Robin Milner-Gulland
Washington, West Sussex
• In characterising a hypothetical Ukrainian war of resistance against Russian occupation as a “proxy war” on the part of Britain and other western countries, Simon Tisdall is falling into the colonialist mindset of denying Ukrainians’ own agency and imagining that they would not fight such a war without western support.
This is delusional. The idea that postcolonial Ukraine would not fight a war of resistance against an occupation by their former imperial rulers is as ridiculous as the idea that Ireland, Kenya or Vietnam – among many others – would not fight an occupation by theirs.

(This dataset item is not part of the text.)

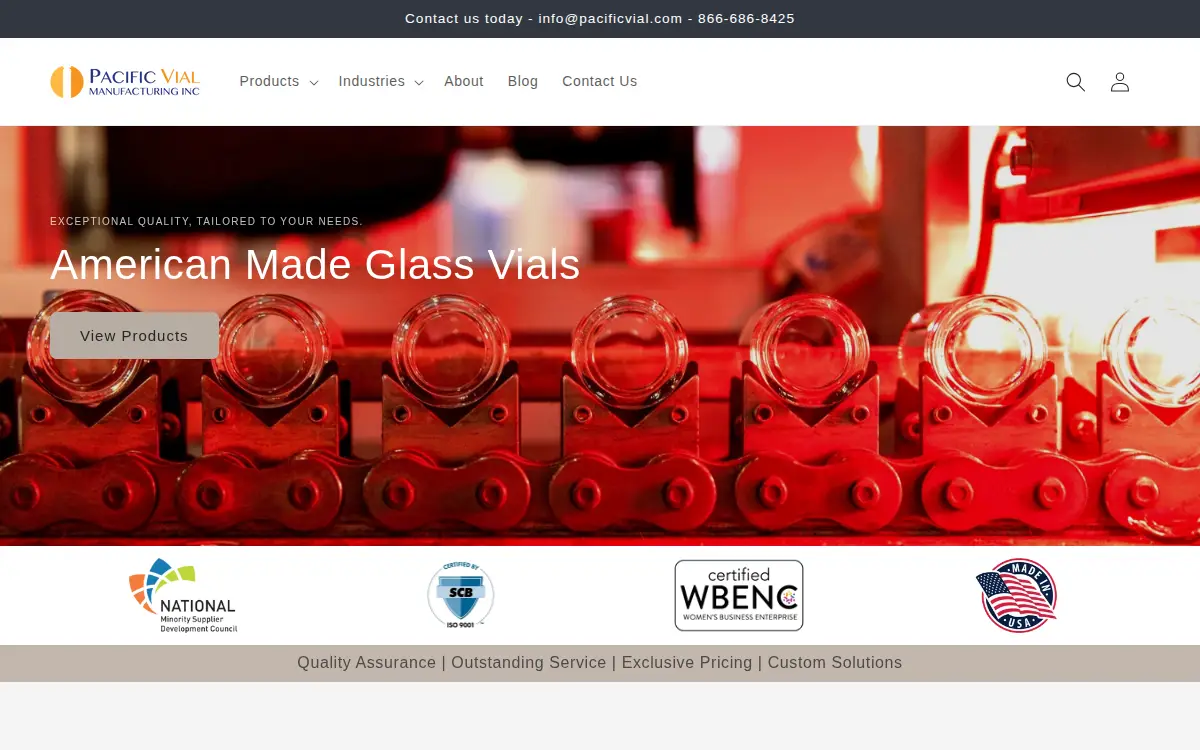 Homepage of Pacific Vial Mfg INC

If Russia occupies, there will be a war of resistance until Russia leaves, irrespective of the opinions and actions of foreign governments. Britain can choose to stand up against Russia by arming Ukraine, supporting its entry into Nato and increasing sanctions against Russia, or it can choose to stay neutral in the face of oppression. Either way, Ukrainians will keep fighting for their independence as colonised people always have done and always will do. There can be no peace without justice, in Ukraine or anywhere else.
Adam Lawson
Hackney, London
• Short of full-scale invasion at this point, Vladimir Putin may be content to take back Ukraine one bite at a time. He is likely to pause now and see whether the full weight of western sanctions is applied. He can reasonably expect that differences between the US and EU countries will hamper this. If this is the case, he may be willing to delay.
A lot can happen in the next few years to his advantage, not least the coming upheaval in the US elections, which could bring a new administration more inclined to let western Europe defend itself. As we are all aware, Putin has wider ambitions than Ukraine and we are entering into an uncertain, if not perilous decade for democracy.